Jade se lo arrojó a Tori por la puerta que aún estaba abierta. Para su sorpresa Tori y Trina estaban peleando en el suelo, frente a los sillones. El celular impactó en la cabeza de Trina, dejándola inconsciente.

—Gracias.— Agradeció Tori quitando el cuerpo de su hermana que estaba encima de ella.

—Fue divertido.— Jade permanecía neutral.- Habías olvidado tu celular, así que me voy.

—Espera.

—¡Qué!— Jade se dio la media vuelta.

—¿Quisieras llevarme a la escuela mañana otra vez?

—¿No tienes a alguien más a quien molestar?— Preguntó Jade.-Ya deberías haber conseguido tu permiso para conducir.

—Lo sé. Bueno, lo intenté.— Tori se resignó.
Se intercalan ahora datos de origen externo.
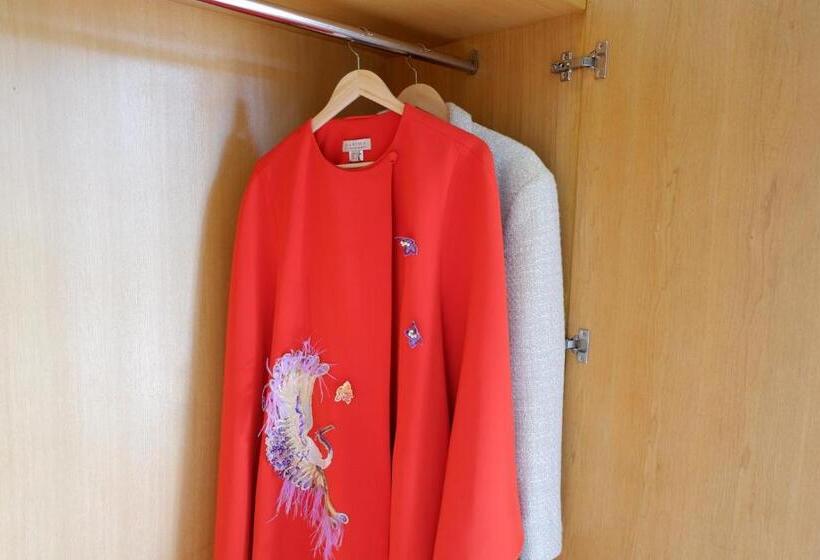 Номер Стандарт Вид на Сад, Ama Maesalong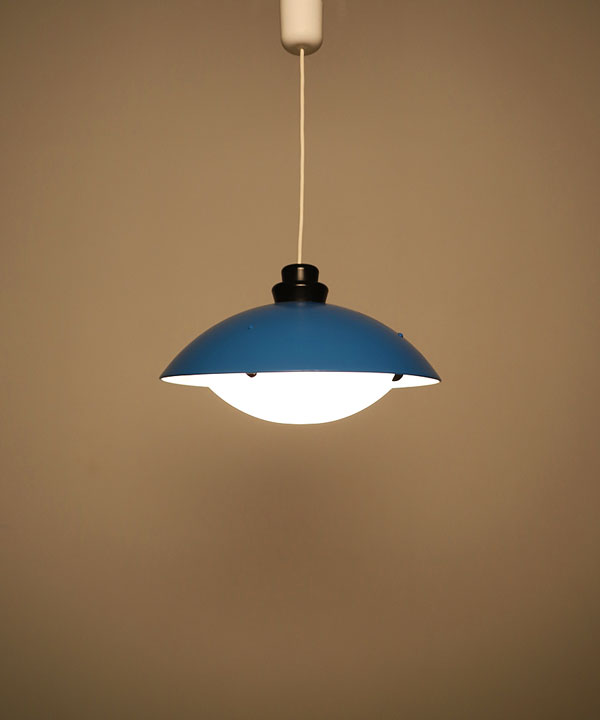 100195. 90's Sweden Memphis Pendant Lamp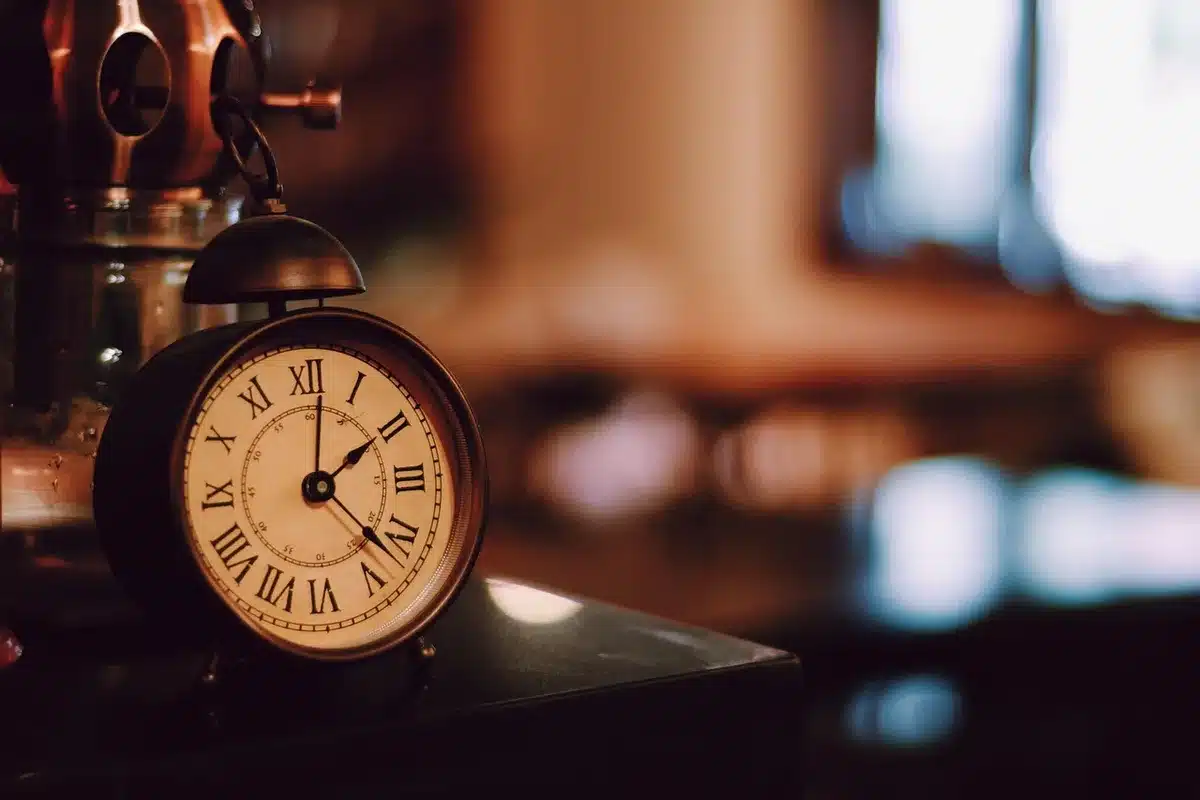Interface d'application Horloge Android montrant le choix d'une sonnerie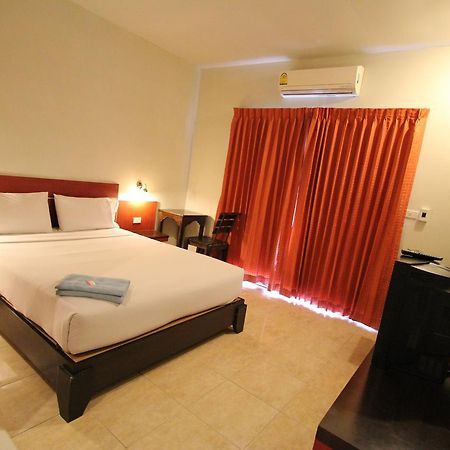 Paradise Resort Ban Nong Pla Lai Екстер'єр фото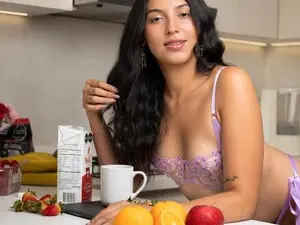 Zarethlauper  live sex cam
—¿Y qué? ¿No me vas a suplicar para que lo haga?— Jade se cruzó de brazos.

—¿Lo harás?

—Ruégame.

—Jade. Por favor, por favor. Me llevarías a la escuela mañana. Te lo suplico.— Tori fingió rogar.

—No llenó mis expectativas, pero es suficiente. — Jade sonrió.

—Toori…— Trina se estaba levantando del suelo con dificultad, pero luego se echó a correr hacia la habitación de Tori.

—Tengo que irme.— Impulsivamente, Tori depositó un fugaz beso en la mejilla de Jade y se metió corriendo a su casa, cerrando la puerta por detrás.— ¡Trina!

Por otra parte, Jade había quedado completamente estupefacta; aquello no lo había esperado de nadie y menos viniendo de Tori Vega. Tori, la chica que no le caía nada bien, le había besado la mejilla a unos centímetros muy cerca de los labios.

Fue muy rápido y quizá la castaña no se dio cuenta, pero ese beso fue suficiente como para que Jade hubiese deseado que el beso fuese dado más cerca de sus labios.

—¡En qué diantres estas pensando, Jade West!

Jade se llamó la atención y regresó rápidamente a su auto. Apenas si estaba poniendo atención a su manera de conducir; poco le importaba si atropellaba a alguien.

—Ahora que lo pienso, Tori no es tan fea.— Recordó.— ¡Calla!— Se volvió a regañar golpeando su cabeza contra el volante luego de llegar.